The whole thing ends with Ian trying to kill Spencer, pin Alison’s murder on her, and make Spencer’s own death look like a suicide over the guilt. Why? It's never explicitly stated, but it appears to me he might think Melissa killed Alison and is doing this to cover for her and is therefore mostly innocent in this whole thing, a classic patsy. He ends up being killed by A, but his body disappears! So when the cops come, everyone thinks Spencer and her friends are lying about what happened in the church. So as the episode ends, Ian is dead and/or missing, Spencer still believes Ian killed Alison, the entire town thinks all four girls are liars, and we don’t know much more than we did before the winter season started.
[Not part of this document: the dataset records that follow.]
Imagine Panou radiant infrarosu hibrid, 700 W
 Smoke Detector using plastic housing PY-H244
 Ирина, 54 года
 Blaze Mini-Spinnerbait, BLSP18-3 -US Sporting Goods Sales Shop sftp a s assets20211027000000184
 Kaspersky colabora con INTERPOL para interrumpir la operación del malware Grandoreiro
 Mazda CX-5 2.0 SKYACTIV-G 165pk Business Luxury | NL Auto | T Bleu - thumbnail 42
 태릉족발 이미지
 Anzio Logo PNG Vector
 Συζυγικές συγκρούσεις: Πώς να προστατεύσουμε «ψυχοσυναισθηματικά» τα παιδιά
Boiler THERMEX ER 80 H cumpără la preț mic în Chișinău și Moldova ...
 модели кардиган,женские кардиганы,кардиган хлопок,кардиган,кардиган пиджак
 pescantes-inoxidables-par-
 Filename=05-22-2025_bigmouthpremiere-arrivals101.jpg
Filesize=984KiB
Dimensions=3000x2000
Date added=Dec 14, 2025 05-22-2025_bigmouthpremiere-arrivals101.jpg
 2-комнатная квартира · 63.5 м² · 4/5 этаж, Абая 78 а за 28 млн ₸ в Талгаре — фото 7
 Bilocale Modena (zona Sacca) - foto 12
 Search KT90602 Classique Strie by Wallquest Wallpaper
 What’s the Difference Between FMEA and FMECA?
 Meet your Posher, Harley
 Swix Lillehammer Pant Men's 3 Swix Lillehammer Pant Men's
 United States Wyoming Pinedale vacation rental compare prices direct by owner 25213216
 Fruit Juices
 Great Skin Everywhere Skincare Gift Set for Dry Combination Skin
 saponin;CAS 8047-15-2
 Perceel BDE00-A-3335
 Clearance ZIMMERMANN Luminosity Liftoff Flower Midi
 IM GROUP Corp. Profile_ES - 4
Whew. Are you confused yet? I sure am. Are they ever going to reveal Alison’s killer? How about A’s identity? And why the heck was Noel in the crowd of onlookers at the church? It’s all 10 shades of too complicated, even if the episode was a lot of fun to watch. In retrospect, however, it doesn’t really hold together at all.

While I’m obviously not a huge fan of the show now, I must admit it didn’t start out this way. When Pretty Little Liars debuted last summer, I was hooked. The trashy, unchallenging mystery show full of pretty people with ridiculous drama was perfectly pitched summer programming and was a welcome part of my weekly routine up to and including the fun summer finale. When it returned in January, however, the thrill was gone. There’s something about a show like this that doesn’t seem to work outside of the summer months, and I found my attention quickly drifting away. Obviously, the core audience of the show doesn’t agree, as the winter premiere got the highest ratings to date, but the fascination for me was gone. After this very entertaining (if convoluted) finale, here’s hoping when the show comes back in June, some of the summer magic comes back with it.

Stray observations:

  • Questions for next season: Who was in the car that hit Melissa and Spencer? Is Ian really dead? If so, did A hide his body? What is up with Garrett the cop and Jenna, and who actually shot those videotapes? Will Emily move to Texas? Will Mr. Fitz and Aria ever stop being creepy?
  • Fun fact: This episode was directed by the extremely talented Lesli Linka Glatter, of Mad Men and The Chicago Code fame, among many others. She also directed the pilot.
  • Theory: One of Aria’s parents is A and the other is the murderer, because otherwise there is no excuse for them having so much screen time. I don't mind either Chad Lowe or Holly Marie Combs, but their story is complete snoozeville.
  • Wishful thinking theory: Mr. Fitz killed Alison, because it would be an extremely dark turn and also super fun to see Aria lose her mind.
  • One time, Hanna unapologetically smacked the sunglasses right off of a blind girl’s face. It was pretty awesome.
  • “Humor’s subjective.”
  • “Did you leave a note for your mom?” “Yeah: Dear Mommy, I went to the woods to trap a killer.”
  • A: “It’s not over until I say it is. Sleep tight while you still can, bitches.”